Ex-Porsche chiefs acquitted of VW takeover bid manipulation
STUTTGARTMar 19, 2016 - 12:00 am GMT+3
Mar 19, 2016 12:00 am
Two former executives of Germany's Porsche were acquitted Friday, ending a trial in which they were accused of market manipulation ahead of the luxury carmaker's failed bid to take over Volkswagen (VW) in 2008.
Former CEO Wendelin Wiedeking and Porsche's then-Chief Financial Officer Holger Haerter were accused of making misleading statements about their company's intentions before moving to acquire a majority stake in Volkswagen. "The charges of the Stuttgart prosecution service held no water whatsoever," Frank Maurer, the leading judge in the case, said in court on Friday. Both men had denied the charges throughout the five-month trial. "We are happy that this chapter is finished," Wiedeking said, adding that the charges against him and his former colleague were "grotesque." The prosecution had been seeking jail terms of more than two years for both men.
Porsche announced its intention to take over three-quarters of VW in October 2008. Prosecutors said their statements in relation to the plan were "capable of affecting the domestic stock price of VW AG [Auto Group]." Porsche gave up the idea as its funding dried up amid the financial crisis and later became a subsidiary of the 12-brand Volkswagen Group.
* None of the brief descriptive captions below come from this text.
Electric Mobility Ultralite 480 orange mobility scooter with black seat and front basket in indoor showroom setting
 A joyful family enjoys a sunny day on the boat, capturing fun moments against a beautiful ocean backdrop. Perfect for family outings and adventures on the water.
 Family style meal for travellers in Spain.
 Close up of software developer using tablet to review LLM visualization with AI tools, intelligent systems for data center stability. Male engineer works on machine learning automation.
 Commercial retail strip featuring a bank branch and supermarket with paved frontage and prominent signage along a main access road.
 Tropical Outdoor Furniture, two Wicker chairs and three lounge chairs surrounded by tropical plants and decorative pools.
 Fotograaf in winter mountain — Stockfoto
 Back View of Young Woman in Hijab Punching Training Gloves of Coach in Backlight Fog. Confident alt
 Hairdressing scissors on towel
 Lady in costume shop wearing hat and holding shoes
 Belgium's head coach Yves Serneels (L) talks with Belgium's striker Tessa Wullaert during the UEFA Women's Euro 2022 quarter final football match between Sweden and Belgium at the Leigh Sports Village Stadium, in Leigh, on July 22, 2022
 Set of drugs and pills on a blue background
The family-controlled Porsche parent company now owns 51 percent of Volkswagen Group, giving it tenuous control and far less than the outright takeover it had aimed for. The Porsche SE holding company welcomed Friday's ruling in a statement. "We were always of the opinion that the shareholding in Volkswagen AG was acquired in accordance with capital market regulations," said Manfred Doess, an executive board member responsible for legal matters.